Altyazı’nın ‘Gökkuşağının Altında’ temalı Haziran sayısı, Ali Ercivan’ın erken dönem sinemaya odaklanarak beyazperdenin ilk kuir temsillerini inceleyen yazısıyla açılıyor. Erman Ata Uncu Judy Garland’dan Bette Davis’e, Marlene Dietrich’ten Audrey Hepburn’e, Hollywood’un altın çağının gey ikonuna dönüşen yıldız oyuncularını ve perdedeki personalarını değerlendiriyor. Aslı Ildır ise aynı yıllara, George Cukor ve Dorothy Arzner gibi eşcinsel kimliğiyle tanınan yönetmenlerin Katharine Hepburn’le işbirlikleri üzerinden bakıyor.
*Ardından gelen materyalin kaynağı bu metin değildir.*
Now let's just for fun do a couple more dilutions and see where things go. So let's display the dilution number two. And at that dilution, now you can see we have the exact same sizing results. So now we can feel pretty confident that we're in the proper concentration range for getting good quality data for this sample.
Kaan Denk’in ‘Kraliçenizi Nasıl Bilirdiniz?’ başlıklı yazısı, tarihin en meşhur gey ikonlarından kraliçe Kristina’ya odaklanan, biri 1930’larda, diğeri 2010’larda yapılmış iki filmi karşılaştırmalı olarak ele alıyor.
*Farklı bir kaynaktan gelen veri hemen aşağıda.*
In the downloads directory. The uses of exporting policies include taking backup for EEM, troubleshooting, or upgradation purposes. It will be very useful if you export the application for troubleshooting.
‘Pride’ın Miladına Tanıklık Eden Filmler’ başlıklı yazısında Necati Sönmez, LGBTİ+ hareketinin kaderini değiştiren Stonewall İsyanı’nı konu alan belgesel ve kurmaca filmleri değerlendiriyor. Klasik metinlere kuir bir bakış getiren Derek Jarman’ın 70’li yıllarda çektiği kendine özgü dönem filmlerini Güvenç Atsüren inceliyor. Öykü Sofuoğlu, “Kadınlar nerede? Lezbiyenler nerede?” sorularının peşine düşen Barbara Hammer’ın aynı dönemde imza attığı deneysel çalışmalara bakıyor. Coşkun Liktor ise ‘Gotiğin Lezbiyen Hâli’ başlıklı yazısında Hollywood klasiklerinden 70’lerin erotik vampir filmlerine ve 90’ların Yeni Kuir Sineması’na uzanarak kadın eşcinselliğinin “canavarlı” tasvirlerinin izini sürüyor.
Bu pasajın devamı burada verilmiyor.